-- What is expected --
Go through the listing below and reproduce it word for word.

-- Records supplied --
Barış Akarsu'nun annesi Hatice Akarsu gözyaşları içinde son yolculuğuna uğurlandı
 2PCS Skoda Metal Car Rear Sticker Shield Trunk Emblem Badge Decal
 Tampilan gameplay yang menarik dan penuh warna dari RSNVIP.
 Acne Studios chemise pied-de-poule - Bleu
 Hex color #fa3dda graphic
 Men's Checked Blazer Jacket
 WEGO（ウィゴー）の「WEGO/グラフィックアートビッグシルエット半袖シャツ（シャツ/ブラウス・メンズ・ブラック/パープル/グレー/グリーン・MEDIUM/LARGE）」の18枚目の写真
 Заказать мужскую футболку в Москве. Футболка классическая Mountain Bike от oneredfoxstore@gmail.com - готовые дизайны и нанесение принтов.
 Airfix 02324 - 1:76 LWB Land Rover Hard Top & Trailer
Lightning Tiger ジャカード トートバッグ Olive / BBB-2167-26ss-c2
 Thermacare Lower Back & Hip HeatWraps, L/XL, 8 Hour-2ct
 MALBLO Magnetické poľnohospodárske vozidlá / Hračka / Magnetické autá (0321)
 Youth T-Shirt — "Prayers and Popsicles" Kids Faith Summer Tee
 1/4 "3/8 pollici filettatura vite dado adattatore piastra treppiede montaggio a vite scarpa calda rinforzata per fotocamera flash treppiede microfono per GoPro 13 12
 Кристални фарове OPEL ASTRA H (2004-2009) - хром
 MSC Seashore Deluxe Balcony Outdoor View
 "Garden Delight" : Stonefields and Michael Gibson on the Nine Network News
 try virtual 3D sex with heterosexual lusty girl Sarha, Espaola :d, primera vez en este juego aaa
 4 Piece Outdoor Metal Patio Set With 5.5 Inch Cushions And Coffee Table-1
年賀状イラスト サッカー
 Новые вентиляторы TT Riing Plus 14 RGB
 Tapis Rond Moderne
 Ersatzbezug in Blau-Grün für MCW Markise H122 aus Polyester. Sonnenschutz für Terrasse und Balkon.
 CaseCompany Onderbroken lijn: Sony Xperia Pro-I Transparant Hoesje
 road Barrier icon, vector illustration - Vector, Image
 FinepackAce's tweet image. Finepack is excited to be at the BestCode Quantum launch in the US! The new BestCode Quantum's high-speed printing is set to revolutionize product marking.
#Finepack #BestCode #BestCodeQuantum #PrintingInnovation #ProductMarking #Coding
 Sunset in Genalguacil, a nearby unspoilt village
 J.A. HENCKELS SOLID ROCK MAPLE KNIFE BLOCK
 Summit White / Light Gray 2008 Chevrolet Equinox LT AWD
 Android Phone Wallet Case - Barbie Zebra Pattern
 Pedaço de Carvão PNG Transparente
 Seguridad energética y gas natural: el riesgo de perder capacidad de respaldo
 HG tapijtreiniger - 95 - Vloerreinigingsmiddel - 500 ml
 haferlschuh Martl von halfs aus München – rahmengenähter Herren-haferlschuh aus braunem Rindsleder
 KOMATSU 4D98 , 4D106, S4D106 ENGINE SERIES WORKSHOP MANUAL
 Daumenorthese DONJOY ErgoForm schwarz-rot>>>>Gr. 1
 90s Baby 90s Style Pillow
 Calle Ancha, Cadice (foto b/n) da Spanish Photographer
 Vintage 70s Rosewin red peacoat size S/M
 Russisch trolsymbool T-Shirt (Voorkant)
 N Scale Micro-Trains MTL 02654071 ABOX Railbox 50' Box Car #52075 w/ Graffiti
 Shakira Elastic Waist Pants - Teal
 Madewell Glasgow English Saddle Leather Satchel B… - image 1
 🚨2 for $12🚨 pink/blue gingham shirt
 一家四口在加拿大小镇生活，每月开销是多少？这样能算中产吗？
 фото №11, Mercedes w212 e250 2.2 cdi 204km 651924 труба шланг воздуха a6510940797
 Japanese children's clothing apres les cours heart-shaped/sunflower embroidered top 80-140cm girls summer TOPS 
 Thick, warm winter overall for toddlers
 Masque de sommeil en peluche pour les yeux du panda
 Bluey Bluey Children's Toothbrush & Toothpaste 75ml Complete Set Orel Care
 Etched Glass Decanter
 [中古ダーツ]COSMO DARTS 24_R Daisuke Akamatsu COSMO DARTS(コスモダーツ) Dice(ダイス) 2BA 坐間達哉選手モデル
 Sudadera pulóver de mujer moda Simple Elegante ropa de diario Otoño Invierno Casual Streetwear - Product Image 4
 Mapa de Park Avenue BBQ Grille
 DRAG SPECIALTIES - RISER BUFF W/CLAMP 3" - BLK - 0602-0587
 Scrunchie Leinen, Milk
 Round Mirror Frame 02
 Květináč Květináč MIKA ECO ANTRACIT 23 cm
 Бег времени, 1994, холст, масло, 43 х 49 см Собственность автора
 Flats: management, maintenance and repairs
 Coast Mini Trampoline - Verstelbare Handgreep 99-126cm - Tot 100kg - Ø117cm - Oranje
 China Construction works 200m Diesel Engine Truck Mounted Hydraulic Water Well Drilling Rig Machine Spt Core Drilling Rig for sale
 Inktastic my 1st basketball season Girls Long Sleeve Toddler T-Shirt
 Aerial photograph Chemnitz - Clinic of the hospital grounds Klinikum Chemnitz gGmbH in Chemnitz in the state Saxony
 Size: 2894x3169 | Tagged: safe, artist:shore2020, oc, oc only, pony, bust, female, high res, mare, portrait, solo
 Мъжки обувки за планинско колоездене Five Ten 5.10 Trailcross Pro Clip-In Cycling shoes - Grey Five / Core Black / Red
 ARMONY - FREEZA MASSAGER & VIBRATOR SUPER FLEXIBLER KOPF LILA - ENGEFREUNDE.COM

-- Expected answer --
Barış Akarsu'nun annesi Hatice Akarsu gözyaşları içinde son yolculuğuna uğurlandı
 2PCS Skoda Metal Car Rear Sticker Shield Trunk Emblem Badge Decal
 Tampilan gameplay yang menarik dan penuh warna dari RSNVIP.
 Acne Studios chemise pied-de-poule - Bleu
 Hex color #fa3dda graphic
 Men's Checked Blazer Jacket
 WEGO（ウィゴー）の「WEGO/グラフィックアートビッグシルエット半袖シャツ（シャツ/ブラウス・メンズ・ブラック/パープル/グレー/グリーン・MEDIUM/LARGE）」の18枚目の写真
 Заказать мужскую футболку в Москве. Футболка классическая Mountain Bike от oneredfoxstore@gmail.com - готовые дизайны и нанесение принтов.
 Airfix 02324 - 1:76 LWB Land Rover Hard Top & Trailer
Lightning Tiger ジャカード トートバッグ Olive / BBB-2167-26ss-c2
 Thermacare Lower Back & Hip HeatWraps, L/XL, 8 Hour-2ct
 MALBLO Magnetické poľnohospodárske vozidlá / Hračka / Magnetické autá (0321)
 Youth T-Shirt — "Prayers and Popsicles" Kids Faith Summer Tee
 1/4 "3/8 pollici filettatura vite dado adattatore piastra treppiede montaggio a vite scarpa calda rinforzata per fotocamera flash treppiede microfono per GoPro 13 12
 Кристални фарове OPEL ASTRA H (2004-2009) - хром
 MSC Seashore Deluxe Balcony Outdoor View
 "Garden Delight" : Stonefields and Michael Gibson on the Nine Network News
 try virtual 3D sex with heterosexual lusty girl Sarha, Espaola :d, primera vez en este juego aaa
 4 Piece Outdoor Metal Patio Set With 5.5 Inch Cushions And Coffee Table-1
年賀状イラスト サッカー
 Новые вентиляторы TT Riing Plus 14 RGB
 Tapis Rond Moderne
 Ersatzbezug in Blau-Grün für MCW Markise H122 aus Polyester. Sonnenschutz für Terrasse und Balkon.
 CaseCompany Onderbroken lijn: Sony Xperia Pro-I Transparant Hoesje
 road Barrier icon, vector illustration - Vector, Image
 FinepackAce's tweet image. Finepack is excited to be at the BestCode Quantum launch in the US! The new BestCode Quantum's high-speed printing is set to revolutionize product marking.
#Finepack #BestCode #BestCodeQuantum #PrintingInnovation #ProductMarking #Coding
 Sunset in Genalguacil, a nearby unspoilt village
 J.A. HENCKELS SOLID ROCK MAPLE KNIFE BLOCK
 Summit White / Light Gray 2008 Chevrolet Equinox LT AWD
 Android Phone Wallet Case - Barbie Zebra Pattern
 Pedaço de Carvão PNG Transparente
 Seguridad energética y gas natural: el riesgo de perder capacidad de respaldo
 HG tapijtreiniger - 95 - Vloerreinigingsmiddel - 500 ml
 haferlschuh Martl von halfs aus München – rahmengenähter Herren-haferlschuh aus braunem Rindsleder
 KOMATSU 4D98 , 4D106, S4D106 ENGINE SERIES WORKSHOP MANUAL
 Daumenorthese DONJOY ErgoForm schwarz-rot>>>>Gr. 1
 90s Baby 90s Style Pillow
 Calle Ancha, Cadice (foto b/n) da Spanish Photographer
 Vintage 70s Rosewin red peacoat size S/M
 Russisch trolsymbool T-Shirt (Voorkant)
 N Scale Micro-Trains MTL 02654071 ABOX Railbox 50' Box Car #52075 w/ Graffiti
 Shakira Elastic Waist Pants - Teal
 Madewell Glasgow English Saddle Leather Satchel B… - image 1
 🚨2 for $12🚨 pink/blue gingham shirt
 一家四口在加拿大小镇生活，每月开销是多少？这样能算中产吗？
 фото №11, Mercedes w212 e250 2.2 cdi 204km 651924 труба шланг воздуха a6510940797
 Japanese children's clothing apres les cours heart-shaped/sunflower embroidered top 80-140cm girls summer TOPS 
 Thick, warm winter overall for toddlers
 Masque de sommeil en peluche pour les yeux du panda
 Bluey Bluey Children's Toothbrush & Toothpaste 75ml Complete Set Orel Care
 Etched Glass Decanter
 [中古ダーツ]COSMO DARTS 24_R Daisuke Akamatsu COSMO DARTS(コスモダーツ) Dice(ダイス) 2BA 坐間達哉選手モデル
 Sudadera pulóver de mujer moda Simple Elegante ropa de diario Otoño Invierno Casual Streetwear - Product Image 4
 Mapa de Park Avenue BBQ Grille
 DRAG SPECIALTIES - RISER BUFF W/CLAMP 3" - BLK - 0602-0587
 Scrunchie Leinen, Milk
 Round Mirror Frame 02
 Květináč Květináč MIKA ECO ANTRACIT 23 cm
 Бег времени, 1994, холст, масло, 43 х 49 см Собственность автора
 Flats: management, maintenance and repairs
 Coast Mini Trampoline - Verstelbare Handgreep 99-126cm - Tot 100kg - Ø117cm - Oranje
 China Construction works 200m Diesel Engine Truck Mounted Hydraulic Water Well Drilling Rig Machine Spt Core Drilling Rig for sale
 Inktastic my 1st basketball season Girls Long Sleeve Toddler T-Shirt
 Aerial photograph Chemnitz - Clinic of the hospital grounds Klinikum Chemnitz gGmbH in Chemnitz in the state Saxony
 Size: 2894x3169 | Tagged: safe, artist:shore2020, oc, oc only, pony, bust, female, high res, mare, portrait, solo
 Мъжки обувки за планинско колоездене Five Ten 5.10 Trailcross Pro Clip-In Cycling shoes - Grey Five / Core Black / Red
 ARMONY - FREEZA MASSAGER & VIBRATOR SUPER FLEXIBLER KOPF LILA - ENGEFREUNDE.COM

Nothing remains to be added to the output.